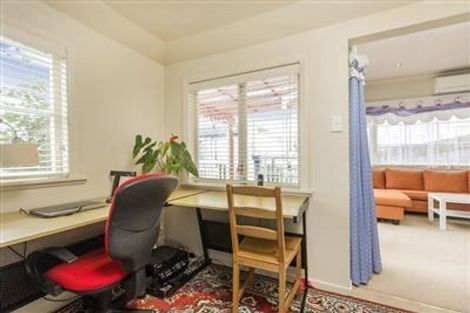 Photo of property in 1/27 Rosedale Road, Pinehill, Auckland, 0632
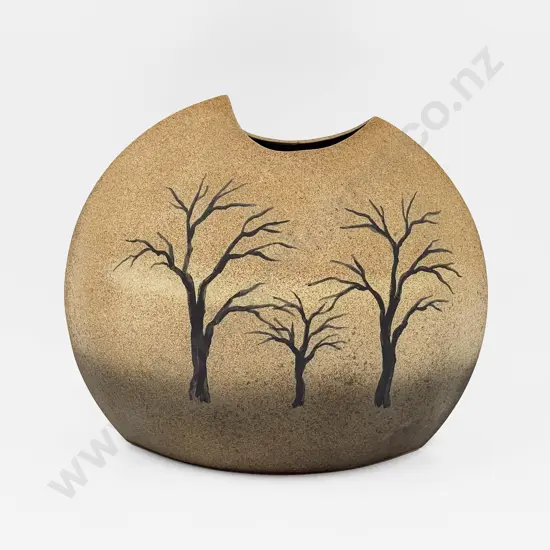 Darryl & Sue Rivett Potter Vase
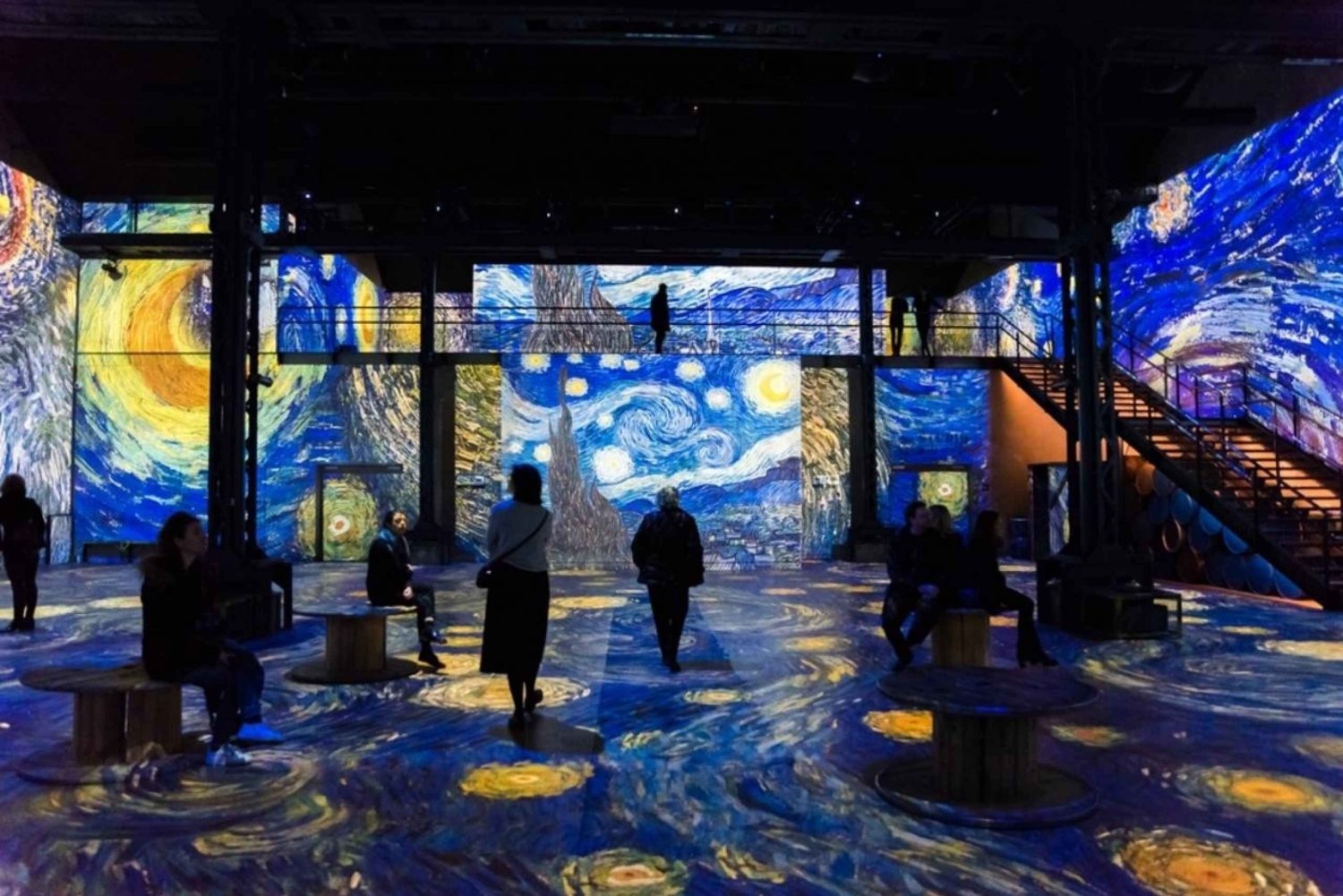 Atelier des Lumieres Van Gogh in Paris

#### [Task item]
Skipping the images, write out the whole listing exactly.

#### [Your solution]
 Photo of property in 1/27 Rosedale Road, Pinehill, Auckland, 0632
 Darryl & Sue Rivett Potter Vase
 Atelier des Lumieres Van Gogh in Paris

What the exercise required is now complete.